To be clear, a good helpdesk team doing troubleshooting is still going to miss things and escalate issues that are really theirs to deal with, and that is fine. I don't expect perfection. But you gotta show me that you're trying or I just do not have time for you.

guppy
Sep 21, 2004

sting like a byob

Rorac posted:

So, any bets on what year/month some middle manager or C-level asks work IT to troubleshoot a neuralink?

I guess this would mean a technician could fry the brains of the C-suite. It's gonna be the future soon!

guppy
Sep 21, 2004

sting like a byob
If you started at the top of the band and everyone else got raises every year and you didn't, though, you'd be pretty sore. It's a different beast.

guppy
Sep 21, 2004

sting like a byob

sfwarlock posted:

It really doesn't help that at some point someone at google decided that ignoring part of search queries was fine and good.

I want to interact with this person in real life.

"And what will you have for your breakfast, sir?"

"I dunno, but I know I'm in the mood for sausage. What do you have with sausage?"

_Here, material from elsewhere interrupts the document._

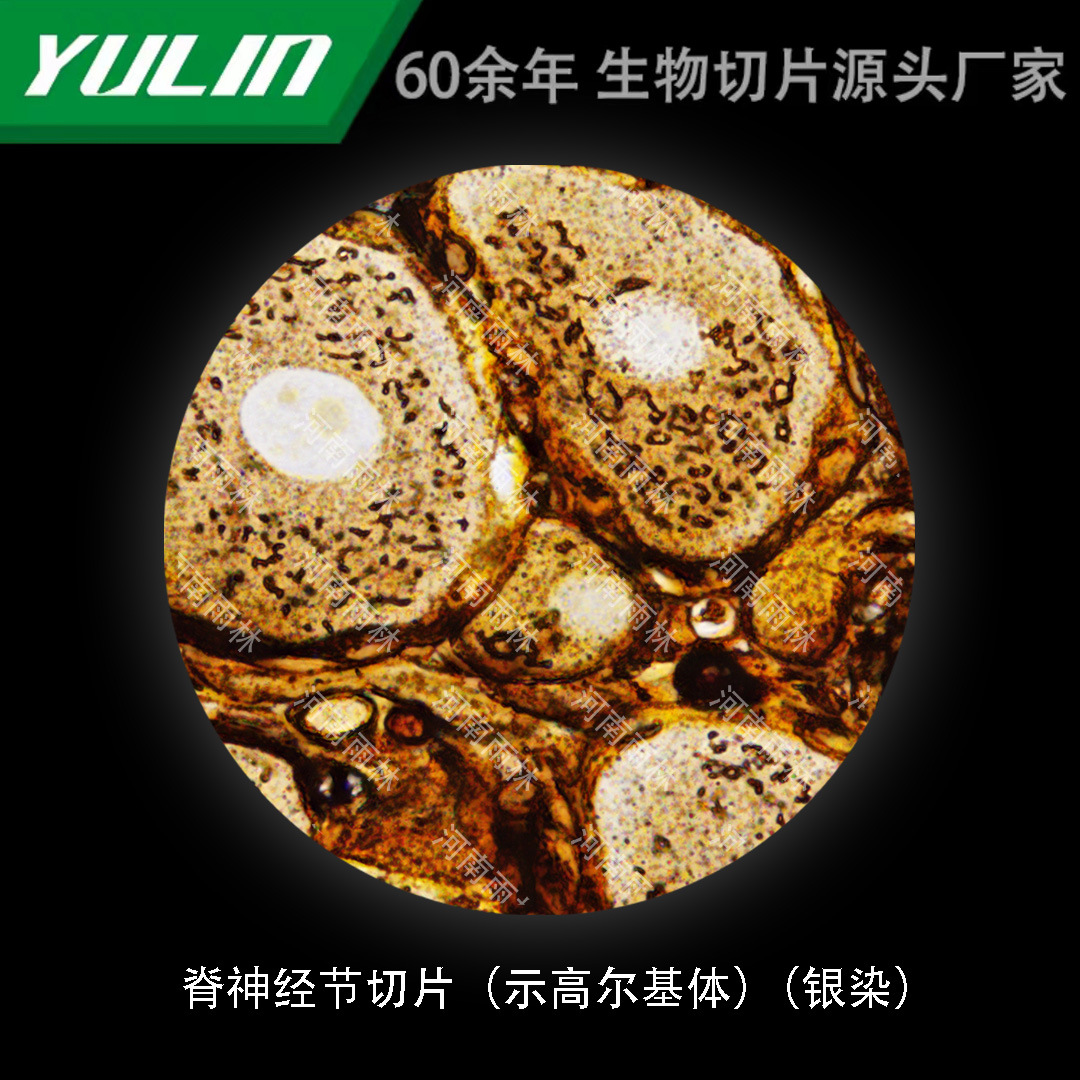 脊神经节切片(示高尔基体)(银染)高校医学院校用组织病理石蜡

"Searching for breakfast with sausage. Sausage and eggs; sausage, eggs and toast; bacon, eggs and toast; bacon and black pudding; spam and eggs; spam and toast and eggs; spam, spam- "

"Wait, I said sausage!"

"Missing: sausage. Show results with sausage?"

This is extremely stupid, but you can force it to include your search term by putting it in quotes.

guppy
Sep 21, 2004

sting like a byob
I agree, that's why I said it was stupid, I'm just offering a workaround in case people don't know.

guppy
Sep 21, 2004

sting like a byob
That seems like a very fair trade, everyone walked away from that a winner.

guppy
Sep 21, 2004

sting like a byob
I don't see a VoIP thread or a Teams thread or anything, so I'm asking in here: anyone have good familiarity with Teams Direct Routing stuff? We actually have Direct Routing set up and working, in the sense that we can make calls in and out between Teams and regular phones, but we discovered a new wrinkle: when we call a Teams-enabled phone number, it rings in the app, but doesn't also ring on the physical handset.

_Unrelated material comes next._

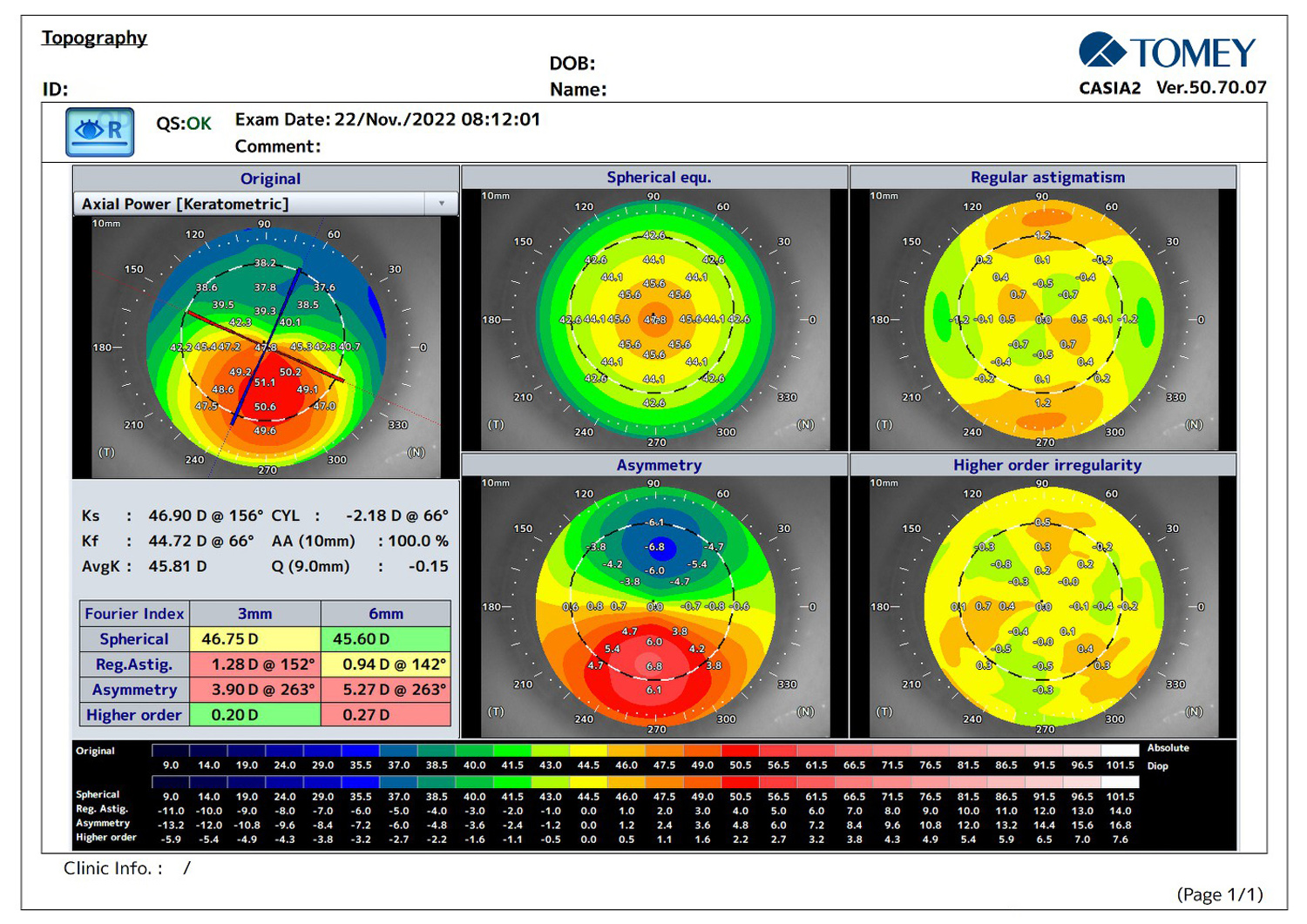 The First Asymmetric Ring AS6-300/150° Implantation in Keratoconus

We have a large existing VoIP deployment, Cisco top-to-bottom. CUCM is handling the calls, our physical handsets are Cisco devices, our SBC is a Cisco CUBE. It was designed by a very experienced VoIP engineer who is unfortunately no longer with us, and our current VoIP person is not as experienced. I see that Cisco handsets do not show up on the "Teams-certified devices" list, but I'm being told that that can't be the problem because... to be honest, I don't remember why they told me that can't be the problem, I think because it's "just" a VoIP call. Critically, I am not a VoIP person, but we have a small team and I'm trying to learn as I go so I can help out.

This is pretty hard to Google since you get a variety of related but different issues. Would love to be pointed in the right direction, even just knowing which piece is the likely culprit would be a big help so I could start looking in the right place. My guess is CUCM, assuming the other people are right that it doesn't matter that the Cisco phones aren't Teams-certified.

guppy
Sep 21, 2004

sting like a byob
Thanks for the Teams advice. This is Direct Routing, so it is not Teams-to-Teams per se. They figured it out, it had to do with the objects being in the same partition in CUCM.

guppy
Sep 21, 2004

sting like a byob
The problem with Office for Mac has never been that it's a bad product. The problem with Office for Mac is that it doesn't work the same way as Office for Windows and it never has. The UI is different, the keyboard shortcuts are different, features are different. I heard once that it is or was a completely different team, but I have no idea if that's true. Moving between them is an exercise in frustration.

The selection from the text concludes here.